At the dockyard, Childish created a significant body of work for various exhibitions around the world, all underpinned by a cycle of paintings depicting the frozen Medway and Thames Estuaries during the harsh winters of 1895 and 1947. Through these paintings, Childish combines his own iconography, memories, and connections with collective, historical, and cultural reference to weave his own narratives and channels of meaning.
“I was born in Chatham, by the River Medway. Up until I was 9 we went on family holidays, several times a year, to Seasalter: a stretch of shingle on the North Kent Coast/Thames Estuary, lined with weatherboard shacks. As a toddler I would be taken crabbing on the flats by some older girls, then in 1963 the sea froze and the crabs were all but wiped out. That stuck in my mind. There were other stories the grown ups spoke of: a lady drowned after getting lost in the fog whilst out cockling; a great wave that washed away the shacks in the floods of the 1950s. Later, as a teenager, I was an apprentice stonemason in the Naval Dockyard at Chatham. Here the old lags told me about the big freeze in 1947 when some of the fellows walked to work over the river.

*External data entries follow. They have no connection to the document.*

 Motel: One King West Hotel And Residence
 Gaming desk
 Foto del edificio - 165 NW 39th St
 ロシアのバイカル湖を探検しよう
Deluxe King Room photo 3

The stories I heard as a youngster have remained the most potent with me: they are what grips the imagination; when you're a kid you know less of the boundaries of the world - have never read a map - and you’re listing to men and women who are from another age (many of them brought up by Victorians), then the truth becomes very fluid.
The Frozen Estuary paintings started from an old photo I found of ice-bound ships on the Medway during a big freeze in 1890's. This lead me to look for other references and I happened across a group of photos belonging to a family who farmed oysters on the Essex side of the estuary, many showing the big freeze of 1947. Like most kids I loved it when the world was stopped by snow; when great buses were trapped and school was abandoned. To see ships held in ice - the sea itself frozen – that’s something every imagination is drawn to and can wonder at.”
Billy Childish, May 2012
Billy Childish was born in Chatham, Kent in 1959. After leaving secondary school at sixteen—and being denied an interview to the local art school—he was employed at the Royal Naval Dockyard in Chatham as an apprentice stonemason. During this short period of employment he produced about six hundred drawings, which gained him entry to London’s St. Martin's School of Art.

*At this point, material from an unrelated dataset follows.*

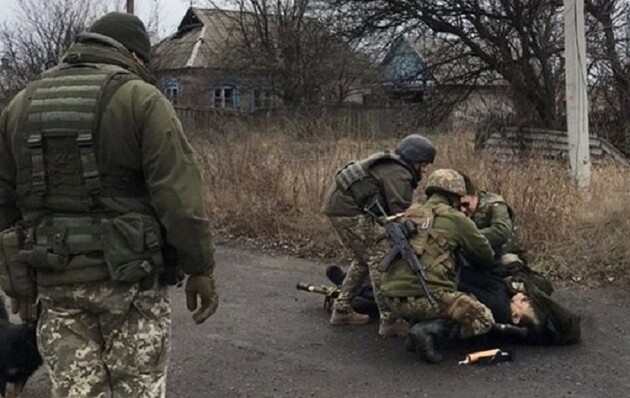 Во время вражеского обстрела Новозвановки боец ВСУ получил осколочное ранение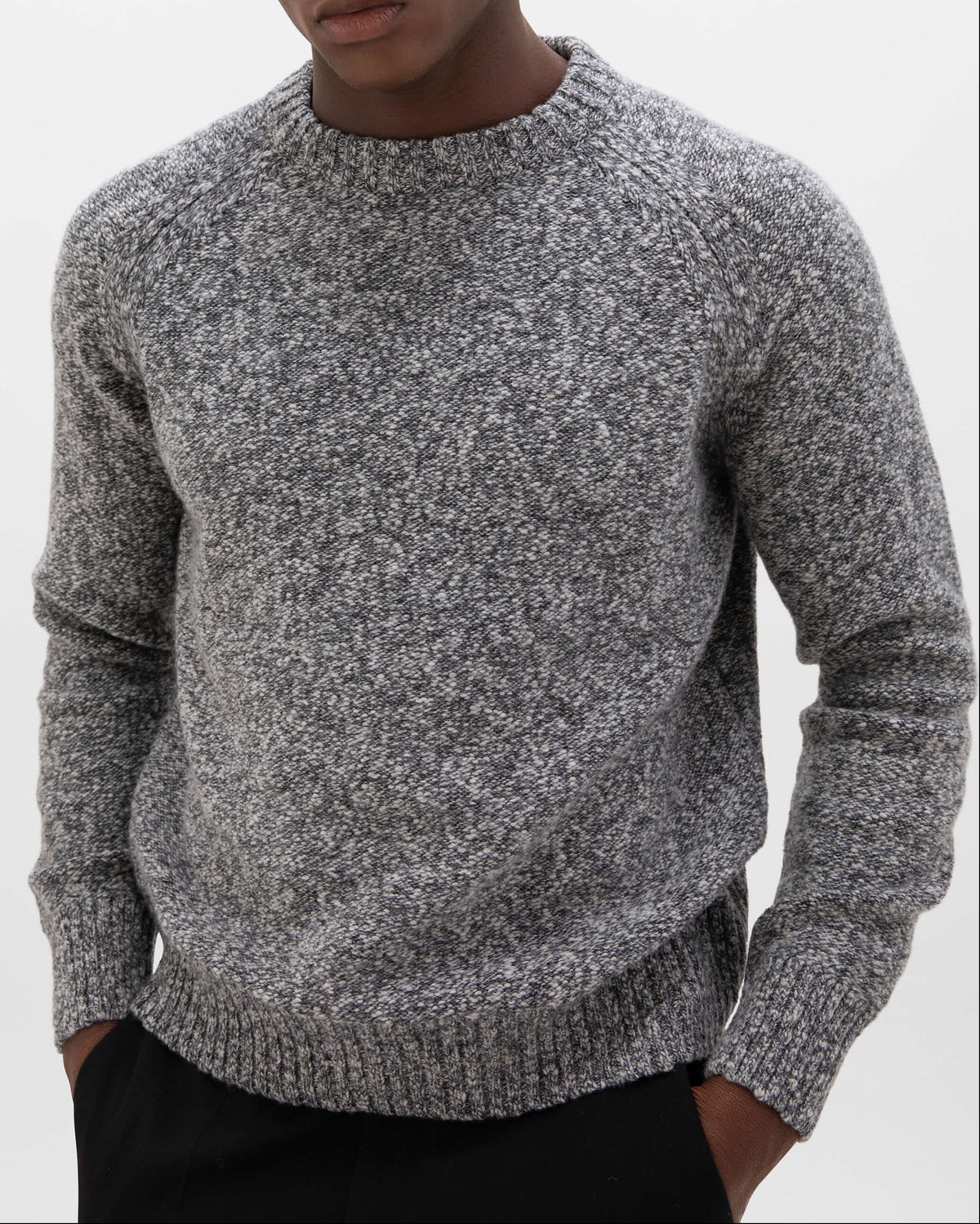 Johnstons of Elgin AW24 Unisex Knitwear Grey Unisex Wool Cashmere Slub Crew Neck KBC00953HA4195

Childish's defiance of the formalities of art education eventually led to his expulsion in 1981. He then embarked on an artistic, literary, and musical odyssey exploring a broad range of worldly themes including the sexual abuse he experienced as a child, and alcoholism. Made over 35 years of continual creative activity, this extensive body of work has included the publication of five novels; more than forty volumes of confessional poetry; the production of over one hundred albums, and many cycles of oil paintings, woodcuts, and graphic works, which have earned Childish a legendary reputation worldwide.
His work has been the subject of important solo and group exhibitions in New York, London, Seoul, and Berlin, including major concurrent solo exhibitions at the Institute of Contemporary Art, London and White Columns, New York in 2010. He also participated in the British Art Show 5, which toured throughout four cities in the UK: Edinburgh, Southampton, Cardiff, and Birmingham.